The lines to reproduce from the material below are those from the one containing "Caminha (Matriz) e" through the one containing "Emerald Knit Cardigan with Round Neck", both included; write them out exactly and add nothing.
**** Extracted information ****
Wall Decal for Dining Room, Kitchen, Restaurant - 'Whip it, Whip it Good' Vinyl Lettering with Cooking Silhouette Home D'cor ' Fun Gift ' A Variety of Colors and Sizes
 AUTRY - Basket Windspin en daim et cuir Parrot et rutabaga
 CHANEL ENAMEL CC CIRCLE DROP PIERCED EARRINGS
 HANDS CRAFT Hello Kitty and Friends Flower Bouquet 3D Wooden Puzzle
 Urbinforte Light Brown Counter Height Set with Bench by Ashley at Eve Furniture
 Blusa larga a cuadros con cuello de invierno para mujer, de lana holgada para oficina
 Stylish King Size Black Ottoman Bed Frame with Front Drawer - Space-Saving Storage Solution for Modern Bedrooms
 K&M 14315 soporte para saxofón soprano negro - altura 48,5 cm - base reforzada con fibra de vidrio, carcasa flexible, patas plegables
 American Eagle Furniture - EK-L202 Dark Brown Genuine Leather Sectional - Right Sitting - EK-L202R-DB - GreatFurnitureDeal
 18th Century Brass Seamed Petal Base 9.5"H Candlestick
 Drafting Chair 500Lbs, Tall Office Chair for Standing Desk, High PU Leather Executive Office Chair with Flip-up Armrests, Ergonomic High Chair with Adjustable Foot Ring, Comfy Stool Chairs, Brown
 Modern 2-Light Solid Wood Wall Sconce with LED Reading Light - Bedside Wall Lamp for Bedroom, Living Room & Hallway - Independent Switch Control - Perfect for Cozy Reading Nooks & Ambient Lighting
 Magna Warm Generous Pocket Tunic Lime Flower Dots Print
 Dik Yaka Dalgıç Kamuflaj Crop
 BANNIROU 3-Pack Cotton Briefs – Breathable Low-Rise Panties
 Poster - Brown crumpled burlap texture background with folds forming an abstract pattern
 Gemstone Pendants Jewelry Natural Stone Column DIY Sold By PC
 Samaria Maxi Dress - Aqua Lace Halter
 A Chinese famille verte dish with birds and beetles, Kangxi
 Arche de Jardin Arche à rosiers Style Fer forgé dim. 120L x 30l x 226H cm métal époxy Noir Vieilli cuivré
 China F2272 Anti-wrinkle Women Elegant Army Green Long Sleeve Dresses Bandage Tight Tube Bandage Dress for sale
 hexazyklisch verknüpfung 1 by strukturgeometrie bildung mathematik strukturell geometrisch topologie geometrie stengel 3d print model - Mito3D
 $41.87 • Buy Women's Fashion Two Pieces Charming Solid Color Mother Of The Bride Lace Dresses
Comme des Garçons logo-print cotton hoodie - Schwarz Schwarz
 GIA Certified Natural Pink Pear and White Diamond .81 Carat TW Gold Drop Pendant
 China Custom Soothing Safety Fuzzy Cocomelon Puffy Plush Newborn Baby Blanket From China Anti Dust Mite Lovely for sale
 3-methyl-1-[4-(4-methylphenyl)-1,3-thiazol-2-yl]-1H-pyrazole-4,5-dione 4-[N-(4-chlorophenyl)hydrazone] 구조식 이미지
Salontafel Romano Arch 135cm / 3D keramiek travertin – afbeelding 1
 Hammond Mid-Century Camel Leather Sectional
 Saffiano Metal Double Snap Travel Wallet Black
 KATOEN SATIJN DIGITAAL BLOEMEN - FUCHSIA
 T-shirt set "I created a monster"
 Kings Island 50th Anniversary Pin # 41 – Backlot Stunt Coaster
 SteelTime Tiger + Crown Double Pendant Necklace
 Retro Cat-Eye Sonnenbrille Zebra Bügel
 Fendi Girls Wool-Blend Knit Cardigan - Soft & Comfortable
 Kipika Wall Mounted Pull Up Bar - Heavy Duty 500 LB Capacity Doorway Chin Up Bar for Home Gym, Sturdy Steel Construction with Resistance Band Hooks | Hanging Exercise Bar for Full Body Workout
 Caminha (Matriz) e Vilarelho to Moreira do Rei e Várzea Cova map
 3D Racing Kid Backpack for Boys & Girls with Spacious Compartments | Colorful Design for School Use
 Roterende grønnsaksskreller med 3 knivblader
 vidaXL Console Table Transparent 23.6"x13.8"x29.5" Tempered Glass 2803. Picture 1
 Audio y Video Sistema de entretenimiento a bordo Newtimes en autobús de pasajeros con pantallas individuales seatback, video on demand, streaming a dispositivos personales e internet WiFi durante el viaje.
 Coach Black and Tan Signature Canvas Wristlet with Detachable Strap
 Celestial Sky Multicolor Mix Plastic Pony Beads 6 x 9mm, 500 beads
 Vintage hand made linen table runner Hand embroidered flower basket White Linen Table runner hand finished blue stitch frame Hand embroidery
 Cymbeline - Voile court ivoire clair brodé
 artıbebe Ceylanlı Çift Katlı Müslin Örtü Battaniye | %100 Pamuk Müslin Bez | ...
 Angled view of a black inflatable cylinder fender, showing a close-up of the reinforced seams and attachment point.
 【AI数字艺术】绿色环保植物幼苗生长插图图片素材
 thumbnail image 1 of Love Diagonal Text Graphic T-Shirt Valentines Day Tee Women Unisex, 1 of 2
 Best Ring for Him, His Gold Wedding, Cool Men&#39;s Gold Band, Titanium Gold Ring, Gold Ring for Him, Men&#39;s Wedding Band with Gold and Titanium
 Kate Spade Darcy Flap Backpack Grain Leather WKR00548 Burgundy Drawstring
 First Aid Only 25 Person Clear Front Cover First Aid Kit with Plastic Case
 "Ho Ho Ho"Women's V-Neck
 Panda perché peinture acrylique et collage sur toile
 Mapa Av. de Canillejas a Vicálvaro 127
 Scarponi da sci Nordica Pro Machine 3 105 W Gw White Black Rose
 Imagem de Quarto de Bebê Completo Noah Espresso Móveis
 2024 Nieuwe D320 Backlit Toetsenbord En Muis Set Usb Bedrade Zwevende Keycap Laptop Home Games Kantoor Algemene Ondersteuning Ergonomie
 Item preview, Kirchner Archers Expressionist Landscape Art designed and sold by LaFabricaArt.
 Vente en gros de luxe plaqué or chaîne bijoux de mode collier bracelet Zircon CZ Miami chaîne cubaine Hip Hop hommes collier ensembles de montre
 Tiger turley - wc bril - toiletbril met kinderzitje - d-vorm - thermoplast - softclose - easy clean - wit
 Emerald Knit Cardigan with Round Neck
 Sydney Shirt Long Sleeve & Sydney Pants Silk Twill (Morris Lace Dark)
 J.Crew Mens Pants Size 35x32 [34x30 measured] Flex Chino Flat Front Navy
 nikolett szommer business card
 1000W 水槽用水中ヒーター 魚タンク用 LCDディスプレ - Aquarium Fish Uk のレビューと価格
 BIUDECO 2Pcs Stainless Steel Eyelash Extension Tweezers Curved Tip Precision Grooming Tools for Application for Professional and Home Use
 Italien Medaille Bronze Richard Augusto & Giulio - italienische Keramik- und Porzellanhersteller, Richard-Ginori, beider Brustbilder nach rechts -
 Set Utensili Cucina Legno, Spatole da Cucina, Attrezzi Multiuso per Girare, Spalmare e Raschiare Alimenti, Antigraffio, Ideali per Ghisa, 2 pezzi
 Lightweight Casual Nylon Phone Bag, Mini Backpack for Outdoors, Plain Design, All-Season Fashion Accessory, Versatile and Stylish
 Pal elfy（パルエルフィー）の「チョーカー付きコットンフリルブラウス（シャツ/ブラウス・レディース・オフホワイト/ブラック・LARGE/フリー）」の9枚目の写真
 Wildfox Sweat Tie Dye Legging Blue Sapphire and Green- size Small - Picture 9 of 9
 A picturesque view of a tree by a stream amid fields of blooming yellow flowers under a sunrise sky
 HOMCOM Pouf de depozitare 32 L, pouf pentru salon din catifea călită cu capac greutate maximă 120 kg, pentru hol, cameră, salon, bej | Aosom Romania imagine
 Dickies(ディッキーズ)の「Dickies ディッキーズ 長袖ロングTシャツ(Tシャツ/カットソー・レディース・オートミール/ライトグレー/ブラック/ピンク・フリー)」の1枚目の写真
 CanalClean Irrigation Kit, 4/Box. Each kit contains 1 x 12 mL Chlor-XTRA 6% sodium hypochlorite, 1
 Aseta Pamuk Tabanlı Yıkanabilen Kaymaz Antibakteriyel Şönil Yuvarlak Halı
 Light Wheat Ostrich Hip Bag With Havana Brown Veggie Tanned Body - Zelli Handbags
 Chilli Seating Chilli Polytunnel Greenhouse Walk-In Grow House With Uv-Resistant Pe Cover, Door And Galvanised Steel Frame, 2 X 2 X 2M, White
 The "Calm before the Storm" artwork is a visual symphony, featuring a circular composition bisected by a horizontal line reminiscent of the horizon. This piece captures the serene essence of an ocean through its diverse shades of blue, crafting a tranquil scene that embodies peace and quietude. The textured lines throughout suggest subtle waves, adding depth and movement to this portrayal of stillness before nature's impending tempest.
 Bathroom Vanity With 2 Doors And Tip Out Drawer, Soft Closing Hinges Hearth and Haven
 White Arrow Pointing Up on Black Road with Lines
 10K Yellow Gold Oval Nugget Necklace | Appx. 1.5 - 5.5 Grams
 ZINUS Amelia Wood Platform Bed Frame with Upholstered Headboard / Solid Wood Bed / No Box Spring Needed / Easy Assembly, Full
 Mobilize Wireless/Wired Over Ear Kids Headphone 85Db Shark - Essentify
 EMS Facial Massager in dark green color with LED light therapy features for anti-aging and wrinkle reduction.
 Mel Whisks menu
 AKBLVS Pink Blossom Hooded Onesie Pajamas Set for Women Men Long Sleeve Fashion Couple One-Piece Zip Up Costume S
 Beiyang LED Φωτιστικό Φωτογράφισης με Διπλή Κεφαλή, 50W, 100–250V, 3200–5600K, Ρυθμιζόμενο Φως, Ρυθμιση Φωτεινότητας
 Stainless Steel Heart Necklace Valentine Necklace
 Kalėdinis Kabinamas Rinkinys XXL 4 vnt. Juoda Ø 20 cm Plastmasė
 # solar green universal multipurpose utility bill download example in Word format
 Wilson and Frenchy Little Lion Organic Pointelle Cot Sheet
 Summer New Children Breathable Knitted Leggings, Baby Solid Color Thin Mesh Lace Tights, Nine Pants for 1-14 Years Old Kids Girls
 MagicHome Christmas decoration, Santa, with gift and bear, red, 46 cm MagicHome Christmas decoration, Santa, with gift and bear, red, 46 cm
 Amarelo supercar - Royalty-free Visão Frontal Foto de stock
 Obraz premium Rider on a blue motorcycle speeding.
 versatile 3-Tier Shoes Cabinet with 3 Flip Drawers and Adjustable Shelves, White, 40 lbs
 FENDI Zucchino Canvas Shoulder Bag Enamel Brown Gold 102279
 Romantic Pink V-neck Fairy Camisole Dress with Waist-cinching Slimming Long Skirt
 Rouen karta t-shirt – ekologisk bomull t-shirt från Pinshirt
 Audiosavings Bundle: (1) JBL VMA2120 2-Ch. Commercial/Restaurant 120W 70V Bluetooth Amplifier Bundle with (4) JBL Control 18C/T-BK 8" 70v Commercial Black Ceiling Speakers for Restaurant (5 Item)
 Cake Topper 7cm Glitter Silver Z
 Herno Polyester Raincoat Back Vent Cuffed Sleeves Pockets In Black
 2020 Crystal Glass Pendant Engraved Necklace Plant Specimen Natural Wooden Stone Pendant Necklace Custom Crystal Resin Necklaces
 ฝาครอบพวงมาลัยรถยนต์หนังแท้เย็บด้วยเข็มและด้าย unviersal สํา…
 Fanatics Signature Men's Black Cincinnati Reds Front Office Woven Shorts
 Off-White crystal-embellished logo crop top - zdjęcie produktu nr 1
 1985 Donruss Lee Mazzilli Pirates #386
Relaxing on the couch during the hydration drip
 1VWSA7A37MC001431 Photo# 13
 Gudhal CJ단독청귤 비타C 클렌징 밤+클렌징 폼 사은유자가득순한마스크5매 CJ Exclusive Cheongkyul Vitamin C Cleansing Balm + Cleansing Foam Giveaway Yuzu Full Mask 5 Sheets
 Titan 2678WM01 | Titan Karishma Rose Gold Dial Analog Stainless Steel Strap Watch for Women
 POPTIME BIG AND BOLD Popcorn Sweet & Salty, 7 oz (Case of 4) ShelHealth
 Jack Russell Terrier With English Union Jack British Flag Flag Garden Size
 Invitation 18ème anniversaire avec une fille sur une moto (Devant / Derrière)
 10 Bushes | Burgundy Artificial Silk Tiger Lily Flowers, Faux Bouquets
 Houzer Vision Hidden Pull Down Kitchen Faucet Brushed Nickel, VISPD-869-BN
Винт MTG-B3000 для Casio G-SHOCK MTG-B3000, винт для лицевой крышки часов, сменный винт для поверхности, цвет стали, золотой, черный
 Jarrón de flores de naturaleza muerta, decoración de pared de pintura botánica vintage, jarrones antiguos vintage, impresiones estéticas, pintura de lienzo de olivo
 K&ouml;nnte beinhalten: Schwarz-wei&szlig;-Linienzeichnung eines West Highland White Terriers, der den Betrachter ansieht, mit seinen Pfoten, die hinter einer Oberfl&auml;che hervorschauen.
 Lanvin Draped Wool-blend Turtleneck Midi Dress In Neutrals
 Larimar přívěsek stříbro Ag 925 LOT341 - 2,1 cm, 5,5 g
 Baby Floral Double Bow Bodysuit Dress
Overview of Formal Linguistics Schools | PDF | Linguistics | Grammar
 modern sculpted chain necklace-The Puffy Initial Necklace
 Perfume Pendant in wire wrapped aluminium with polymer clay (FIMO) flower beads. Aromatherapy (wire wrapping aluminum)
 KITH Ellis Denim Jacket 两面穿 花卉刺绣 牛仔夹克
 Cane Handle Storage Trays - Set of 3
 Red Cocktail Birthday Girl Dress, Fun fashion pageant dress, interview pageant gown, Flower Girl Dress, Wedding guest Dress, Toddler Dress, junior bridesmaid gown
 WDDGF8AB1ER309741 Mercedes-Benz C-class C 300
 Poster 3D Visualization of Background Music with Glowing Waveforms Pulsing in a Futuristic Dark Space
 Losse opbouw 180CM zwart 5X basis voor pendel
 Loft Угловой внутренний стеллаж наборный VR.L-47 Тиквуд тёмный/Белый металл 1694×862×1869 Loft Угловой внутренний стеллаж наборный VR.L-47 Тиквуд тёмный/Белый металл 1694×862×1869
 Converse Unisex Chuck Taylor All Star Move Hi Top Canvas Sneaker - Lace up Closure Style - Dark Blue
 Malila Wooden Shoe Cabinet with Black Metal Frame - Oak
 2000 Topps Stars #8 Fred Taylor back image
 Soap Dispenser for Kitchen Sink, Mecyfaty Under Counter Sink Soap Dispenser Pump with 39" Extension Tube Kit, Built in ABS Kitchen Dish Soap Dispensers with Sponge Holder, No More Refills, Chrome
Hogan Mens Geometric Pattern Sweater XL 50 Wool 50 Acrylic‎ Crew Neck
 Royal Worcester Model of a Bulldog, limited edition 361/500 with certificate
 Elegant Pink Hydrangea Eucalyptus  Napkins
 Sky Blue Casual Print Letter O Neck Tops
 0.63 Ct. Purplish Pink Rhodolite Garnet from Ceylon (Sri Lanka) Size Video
****
Answer to the exercise =>
 Caminha (Matriz) e Vilarelho to Moreira do Rei e Várzea Cova map
 3D Racing Kid Backpack for Boys & Girls with Spacious Compartments | Colorful Design for School Use
 Roterende grønnsaksskreller med 3 knivblader
 vidaXL Console Table Transparent 23.6"x13.8"x29.5" Tempered Glass 2803. Picture 1
 Audio y Video Sistema de entretenimiento a bordo Newtimes en autobús de pasajeros con pantallas individuales seatback, video on demand, streaming a dispositivos personales e internet WiFi durante el viaje.
 Coach Black and Tan Signature Canvas Wristlet with Detachable Strap
 Celestial Sky Multicolor Mix Plastic Pony Beads 6 x 9mm, 500 beads
 Vintage hand made linen table runner Hand embroidered flower basket White Linen Table runner hand finished blue stitch frame Hand embroidery
 Cymbeline - Voile court ivoire clair brodé
 artıbebe Ceylanlı Çift Katlı Müslin Örtü Battaniye | %100 Pamuk Müslin Bez | ...
 Angled view of a black inflatable cylinder fender, showing a close-up of the reinforced seams and attachment point.
 【AI数字艺术】绿色环保植物幼苗生长插图图片素材
 thumbnail image 1 of Love Diagonal Text Graphic T-Shirt Valentines Day Tee Women Unisex, 1 of 2
 Best Ring for Him, His Gold Wedding, Cool Men&#39;s Gold Band, Titanium Gold Ring, Gold Ring for Him, Men&#39;s Wedding Band with Gold and Titanium
 Kate Spade Darcy Flap Backpack Grain Leather WKR00548 Burgundy Drawstring
 First Aid Only 25 Person Clear Front Cover First Aid Kit with Plastic Case
 "Ho Ho Ho"Women's V-Neck
 Panda perché peinture acrylique et collage sur toile
 Mapa Av. de Canillejas a Vicálvaro 127
 Scarponi da sci Nordica Pro Machine 3 105 W Gw White Black Rose
 Imagem de Quarto de Bebê Completo Noah Espresso Móveis
 2024 Nieuwe D320 Backlit Toetsenbord En Muis Set Usb Bedrade Zwevende Keycap Laptop Home Games Kantoor Algemene Ondersteuning Ergonomie
 Item preview, Kirchner Archers Expressionist Landscape Art designed and sold by LaFabricaArt.
 Vente en gros de luxe plaqué or chaîne bijoux de mode collier bracelet Zircon CZ Miami chaîne cubaine Hip Hop hommes collier ensembles de montre
 Tiger turley - wc bril - toiletbril met kinderzitje - d-vorm - thermoplast - softclose - easy clean - wit
 Emerald Knit Cardigan with Round Neck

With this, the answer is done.